The U.S. dollar had a good week ending May 17th. The dollar index (NYSEARCA:UUP) closed the week above what I call the "QE2 reference price," the level of the index the day before Federal Reserve Chair Ben Bernanke telegraphed the imminent arrival of a second round of quantitative easing in late August 2010. Since then, the dollar index has only crossed this level once, although it came extremely close to doing so last month. Trading relative to the QE2 reference price is an important symbol of the market's sentiment toward the U.S. dollar. When QE3 failed to drive the U.S. dollar lower, the QE2 reference price loomed larger and larger with time.
The dollar index surges into its QE2 reference price
Traders have gotten quite bullish on the U.S. dollar. Reuters reported that bullish bets on the U.S. dollar have reached an 11-month high:
"Currency speculators increased their bets in favor of the U.S. dollar to the highest in 11 months in the latest week, according to data from the Commodity Futures Trading Commission released on Friday. The value of the dollar's net long position rose to $32.27 billion in the week ended May 14, the highest since mid-June, 2012, from $26.83 billion in the previous week."

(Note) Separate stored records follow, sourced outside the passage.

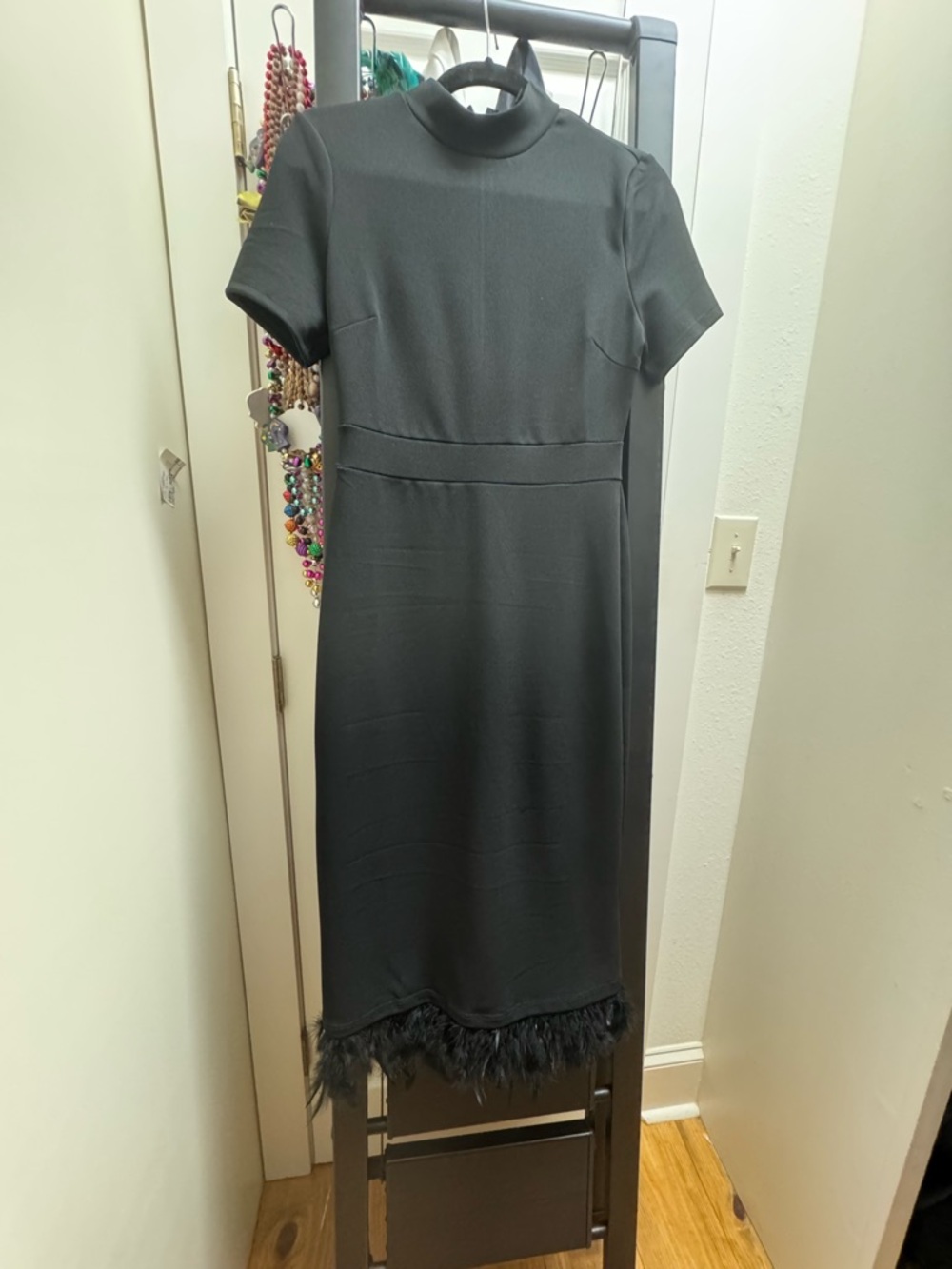 STYLEWE Black Mock Neck Midi Dress with Feather Hem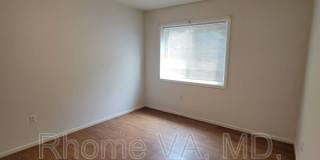 3220 S 28th Street Gallery 14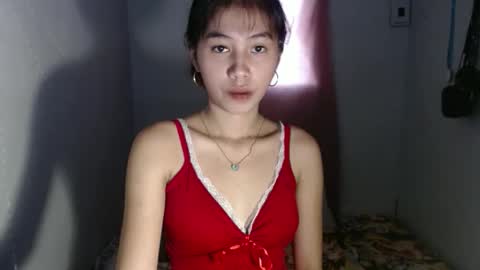 Snapshot of miss_janex chatting on 12/22/25, 01:35 Hey is me aubses online show from 12/22/25, 01:35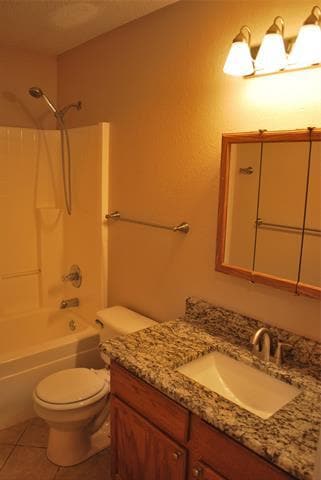 Building Photo - 3015 Scenic Glen Dr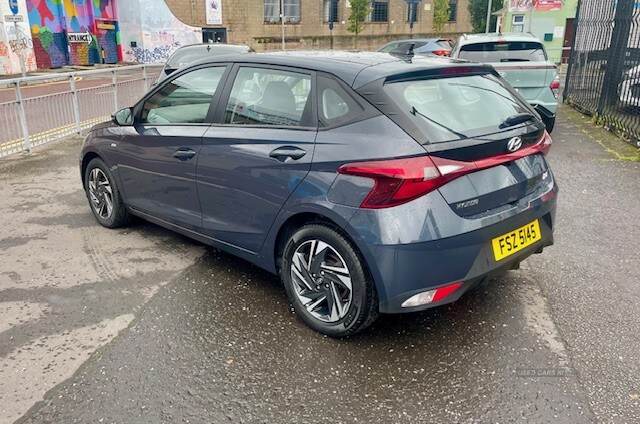 Hyundai i20 HATCHBACK in Down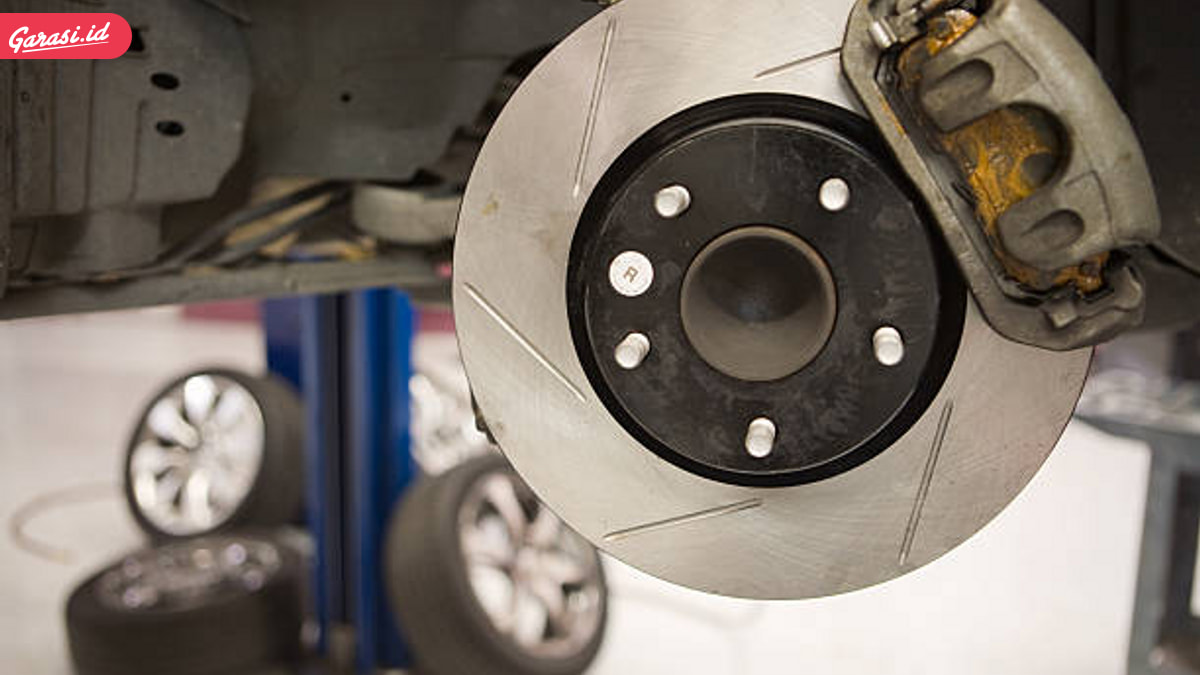 Simak! Ini Penyebab Rem Mobil Kamu Bermasalah - Garasi.id Gejala Masalah Pada Sistem Rem Mobil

This critical juncture for the dollar index forms an important backdrop for all currency-related trades and investments. My conclusion that the British pound (NYSEARCA:FXB) is a bargain here partly rests on an assumption that the dollar index will not rally much further from here; or if it does continue to rally, the pound will not receive much of the beating on the other end of the forex pairings.
The Bank of England (BOE) provided its latest Inflation Report on May 15th. It was outgoing Governor Mervyn King's last stand at this forum after a total of 89 press conferences, 82 straight Inflation Reports covering all but the inaugural year in 1993. Perhaps it was sentiment, but King reversed some of the dour outlook he presented at previous Inflation Reports (for example, see "Where the Pound Has Fallen, the Euro Should Soon Follow"). He chose to accentuate positives alongside the ongoing economic risks. His opening remarks set the tone:
"Of most significance today is that there is a welcome change in the economic outlook. Today's projections are for growth to be a little stronger and inflation a little weaker than we expected three months ago. That is the first time I have been able to say that since before the financial crisis. But this is no time to be complacent - we must press on to ensure a recovery and bring down unemployment… a recovery is in sight. Output grew by 0.3% in the first quarter and growth is likely to strengthen over the course of the year…
… the recovery is likely to remain weak by historical standards. The main downside risk to the sustainability of the recovery continues to stem from events overseas, especially in the euro area."
The U.S. dollar has been so strong lately that I believe the market was largely deaf to the more positive messages in this inflation report. The pound closed the week at a near 6-week low versus the U.S. dollar and below the critical support levels of the 50-day moving average (DMA) and the ~1.52 pivot that has served as approximate support since 2010.
The British pound succumbs to the dollar's strength
Can the pound hold the 1.52 pivot?
King's more positive outlook comes from an expectation that 2012′s anchors on the economy, reduced output in North Sea oil and a fall in construction will no longer drag on the economy this year or in subsequent years. In fact, subtracting these laggards, the UK's GDP 2012 growth looks a lot like that of the U.S.:
"So I think try and see it in perspective a bit more, don't get entirely put off by the weak figures for both the trade deficit and output growth during calendar 2012…
…I would like to stress although we don't see a particularly rapid recovery in the next few quarters but we do see a recovery and I think there are good reasons for that. If you look back to 2012, it goes back to what I said to you earlier, if you take out the impact of construction and North Sea oil, the UK economy grew by almost 1.5% last year, through 2012, exactly the same as the US economy…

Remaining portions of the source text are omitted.